Enfin les consorts [G] indiquent vouloir attraire la société VIATRIS SANTE à la cause, celle-ci n’intervenant pas à la procédure à ce jour. Dans la mesure où ils s’en rapportent à la justice sur le bien-fondé de la demande dans le cadre du présent incident, sans acquiescer à celle-ci et sans préciser en quelle qualité ils entendaient voir engager la responsabilité de la société LABORATOIRE MYLAN SAS, il leur appartiendra dans ces conditions, de se désister le cas échéant de l’instance à l’encontre de la société LABORATOIRE MYLAN SAS s’ils ne maintiennent pas leur demande à son encontre, notamment après la mise en cause de la société VIATRIS SANTE.
Au regard de ces éléments, le juge de la mise en état n’est pas en mesure à ce stade de trancher la fin de non-recevoir, au regard de sa complexité, celle-ci devant être examinée à l’issue de l’instruction par la juridiction amenée à se prononcer sur le fond.
Sur les demandes accessoires
Les dépens et les demandes au titre de l’article 700 du code de procédure civile seront réservés.

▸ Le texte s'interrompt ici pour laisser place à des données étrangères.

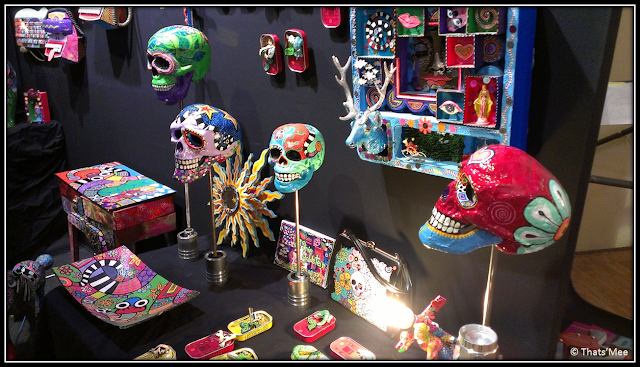 Expo métamorphose des matériaux vanités, sculptures têtes de morts multicolores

L’exécution provisoire est de droit.
PAR CES MOTIFS
Le juge de la mise en état, statuant publiquement par ordonnance contradictoire mise à disposition au greffe,
Vu les articles 122 et 789 du code de procédure civile ;
RENVOIE la fin de non-recevoir tirée du défaut de qualité à défendre de la société LABORATOIRE MYLAN SAS (“MYLAN LABORATORIES SAS”) à la formation de jugement statuant sur le fond ;
DIT n’y avoir lieu de prononcer la mise hors de cause de la société LABORATOIRE MYLAN SAS (“MYLAN LABORATORIES SAS”) ;
RESERVE les dépens et les demandes formées au titre de l’article 700 du code de procédure civile ;
RAPPELLE que l’exécution provisoire est de droit ;
RENVOIE l’examen de l’affaire à l’audience de mise en état du lundi 29 septembre 2025 à 13h30 pour conclusions de Mme [L] [J] et de M. [R] [O] et mise en cause la société VIATRIS SANTE ;
DÉBOUTE les parties de leurs demandes plus amples ou contraires.
Faite et rendue à [Localité 16] le 30 Juin 2025.